Martin Fraser (born 9 December 1969) is an Irish civil servant and diplomat who has served as Ambassador of Ireland to the United Kingdom since August 2022 and previously served as the Secretary General of the Department of the Taoiseach from August 2011 to May 2022. He previously served as the Assistant Secretary General of the Department of the Taoiseach from 2007 to 2011.

He holds a bachelor of commerce degree (1993) from University College Dublin and a master of science degree in economics from Trinity College Dublin. Fraser joined the Civil Service in 1986. He has served in the Departments of Social Welfare, Foreign Affairs and Agriculture and Food.

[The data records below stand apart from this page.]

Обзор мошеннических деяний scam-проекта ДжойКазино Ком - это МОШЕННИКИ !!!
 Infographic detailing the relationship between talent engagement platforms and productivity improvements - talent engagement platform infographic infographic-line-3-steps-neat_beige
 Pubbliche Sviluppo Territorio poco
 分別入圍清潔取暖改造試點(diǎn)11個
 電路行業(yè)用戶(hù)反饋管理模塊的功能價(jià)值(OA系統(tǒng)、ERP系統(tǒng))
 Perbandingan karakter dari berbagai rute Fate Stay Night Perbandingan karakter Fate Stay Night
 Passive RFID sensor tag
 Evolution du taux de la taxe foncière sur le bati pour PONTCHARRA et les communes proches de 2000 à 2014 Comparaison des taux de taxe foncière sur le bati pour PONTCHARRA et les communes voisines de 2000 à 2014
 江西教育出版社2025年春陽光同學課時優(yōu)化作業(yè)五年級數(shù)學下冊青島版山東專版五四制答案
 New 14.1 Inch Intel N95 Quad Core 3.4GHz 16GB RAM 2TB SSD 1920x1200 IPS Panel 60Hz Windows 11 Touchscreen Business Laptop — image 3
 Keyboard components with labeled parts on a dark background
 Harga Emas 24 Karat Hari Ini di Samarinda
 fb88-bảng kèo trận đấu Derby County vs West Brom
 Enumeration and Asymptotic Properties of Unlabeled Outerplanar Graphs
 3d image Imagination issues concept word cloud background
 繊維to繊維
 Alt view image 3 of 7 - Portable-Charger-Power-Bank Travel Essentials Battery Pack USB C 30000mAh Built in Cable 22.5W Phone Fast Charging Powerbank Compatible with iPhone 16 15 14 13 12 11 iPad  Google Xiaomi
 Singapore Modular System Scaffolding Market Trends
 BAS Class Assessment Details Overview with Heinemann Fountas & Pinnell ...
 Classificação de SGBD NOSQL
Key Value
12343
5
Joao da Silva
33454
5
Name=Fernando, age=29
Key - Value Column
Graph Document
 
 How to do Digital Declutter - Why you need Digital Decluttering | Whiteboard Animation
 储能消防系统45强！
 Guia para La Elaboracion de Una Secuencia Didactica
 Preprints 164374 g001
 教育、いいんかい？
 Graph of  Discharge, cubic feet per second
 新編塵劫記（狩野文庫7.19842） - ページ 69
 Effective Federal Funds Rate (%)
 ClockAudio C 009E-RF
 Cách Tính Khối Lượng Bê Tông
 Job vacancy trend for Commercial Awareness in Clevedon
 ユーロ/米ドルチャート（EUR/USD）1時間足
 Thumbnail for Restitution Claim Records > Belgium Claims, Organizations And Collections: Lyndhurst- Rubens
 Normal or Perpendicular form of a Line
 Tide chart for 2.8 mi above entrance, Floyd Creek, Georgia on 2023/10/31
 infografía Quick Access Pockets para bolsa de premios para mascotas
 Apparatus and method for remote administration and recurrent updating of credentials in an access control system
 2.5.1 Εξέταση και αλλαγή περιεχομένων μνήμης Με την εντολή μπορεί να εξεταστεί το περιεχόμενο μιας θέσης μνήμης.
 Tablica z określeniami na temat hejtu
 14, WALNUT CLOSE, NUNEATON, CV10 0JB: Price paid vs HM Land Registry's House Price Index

Fraser was previously director of the Northern Ireland division. He joined the Department of the Taoiseach, as finance officer in 1999.

He was appointed as Assistant Secretary General of the Department of the Taoiseach in 2007, during which time he served as head of the Northern Ireland and international affairs division, the corporate affairs division and the economic and social policy division.

The position in the Department of the Taoiseach is in the gift of the Government. In July 2011, he was appointed as secretary general to the Government and secretary general of the Department of the Taoiseach. On appointment he also became the chairman of the National Economic and Social Council (NESC), which advises the Taoiseach on strategic issues regarding economic and social development. As Secretary General to the Government, he was ex-officio member (Commissioner) of the Commission for Public Service Appointments.

In 2016, Fraser was awarded UCD Alumnus of the Year in Business.

Fraser became Irish ambassador to the United Kingdom in 2022.